*REQUIRED ACTION*
Set down only these lines, exactly: the line containing "Vintage Gucci Designer Tote Bag" and all lines through the end of the data below. Omit pictures.

*SUPPLIED DATA*
=-=-=
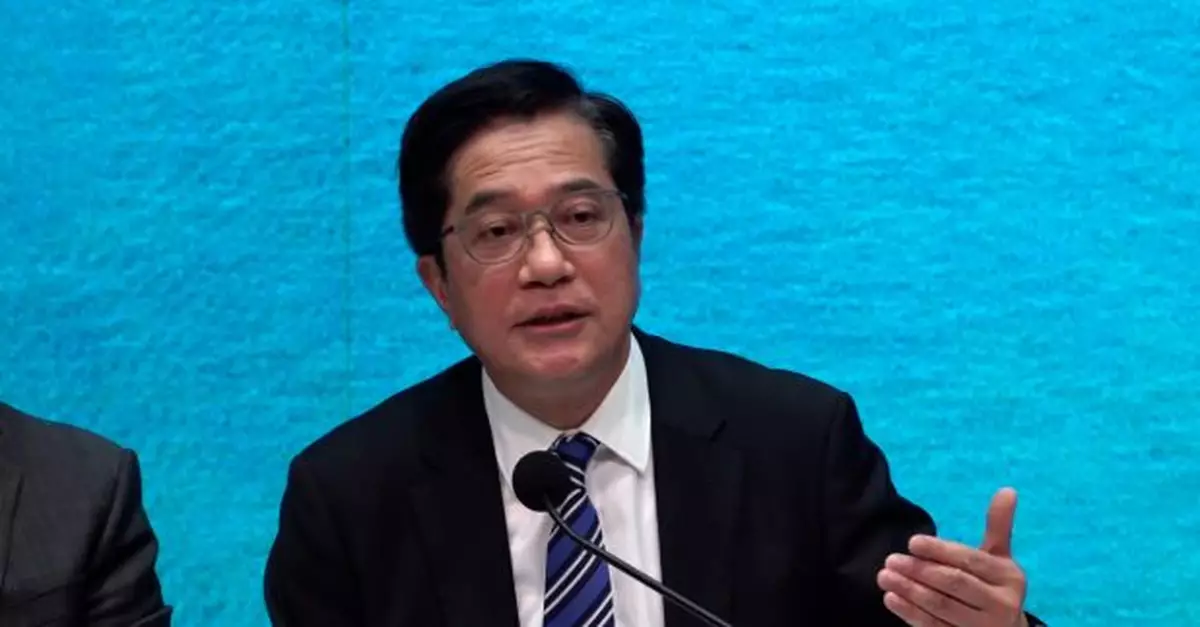 黃偉綸下午記者會　公布大埔宏福苑長遠居住安排方案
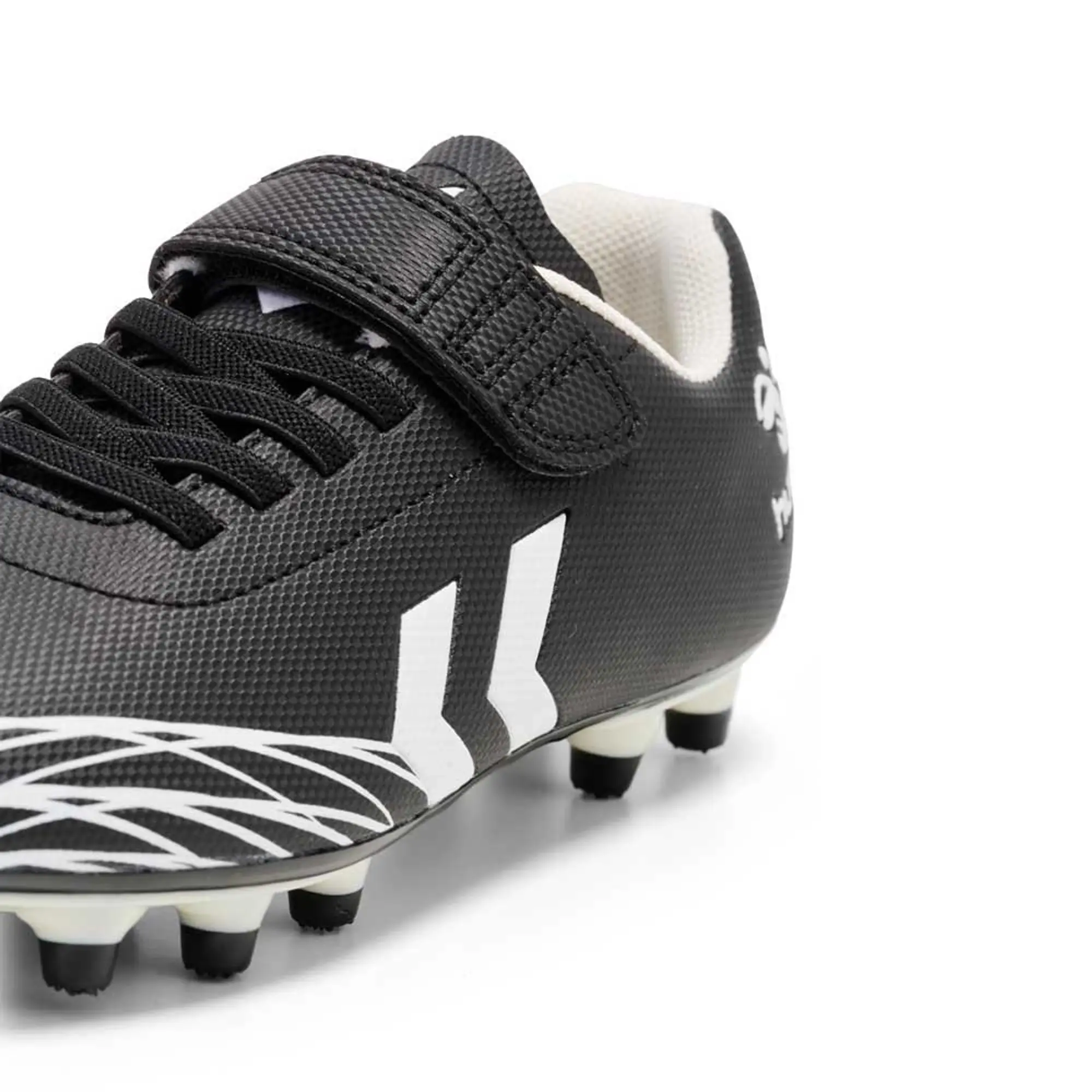 Hummel Football Boots Top Star Fg - Black/White Kids - ['Black']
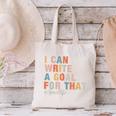 Special Education I Can Write A Goal For That Sped Teacher Canvas Tote Bag, gift for family, gift for coworker Special Education I Can Write A Goal For That Sped Teacher Canvas Tote Bag, gift for family, gift for coworker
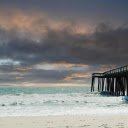 Bridge and beach  screen for extension Chrome web store in OffiDocs Chromium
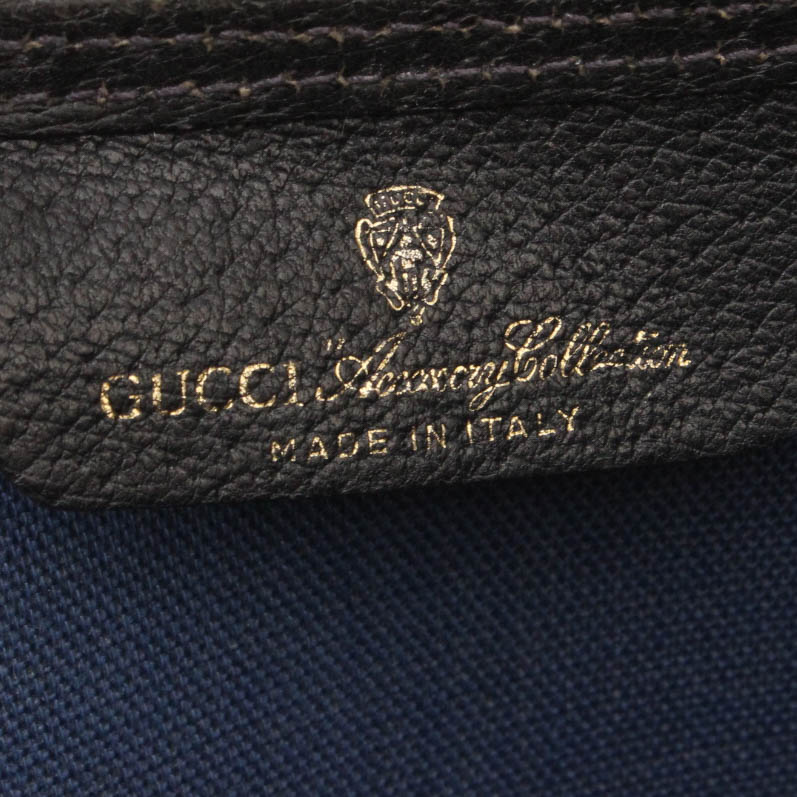 Vintage Gucci Designer Tote Bag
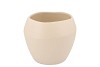 AMARAH SAND POT SPHERE SHADED 18X15,5CM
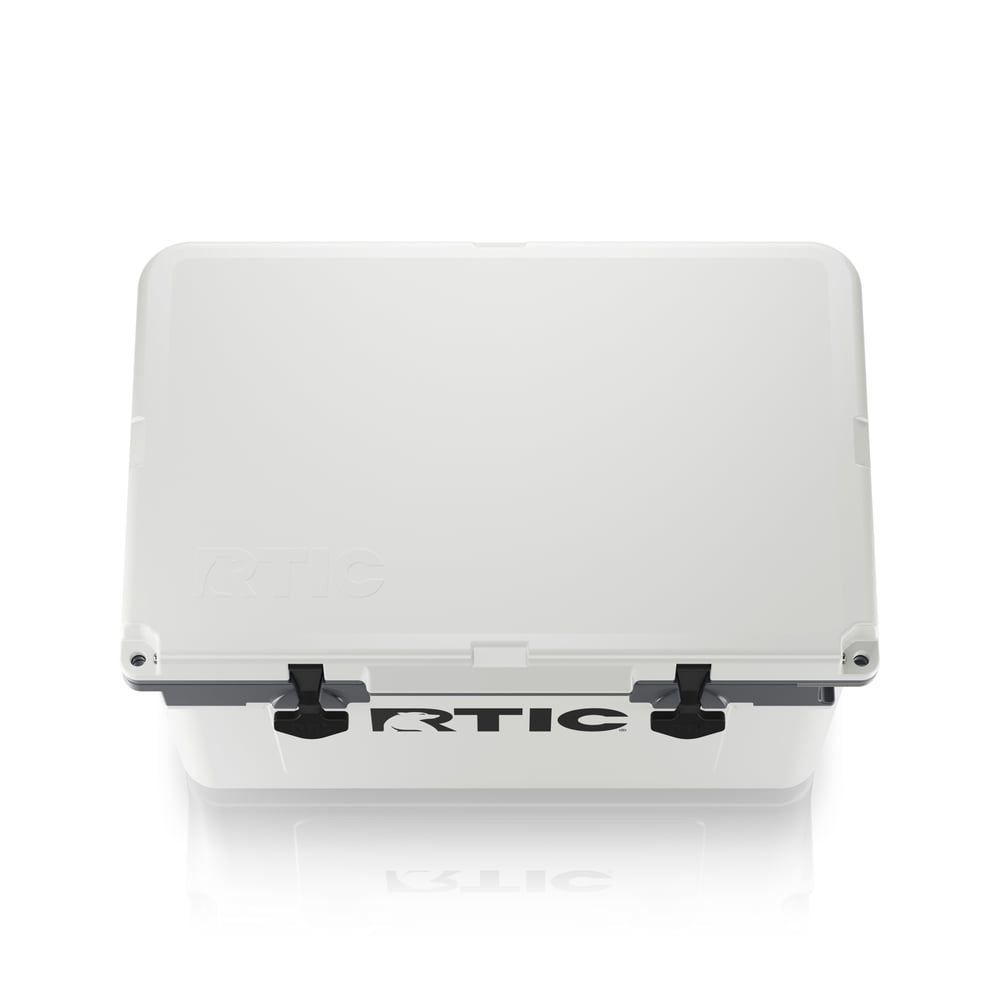 32 QT Ultra-Light Cooler White & Grey - Image 5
=-=-=
*EXERCISE SOLUTION*
 Vintage Gucci Designer Tote Bag
 AMARAH SAND POT SPHERE SHADED 18X15,5CM
 32 QT Ultra-Light Cooler White & Grey - Image 5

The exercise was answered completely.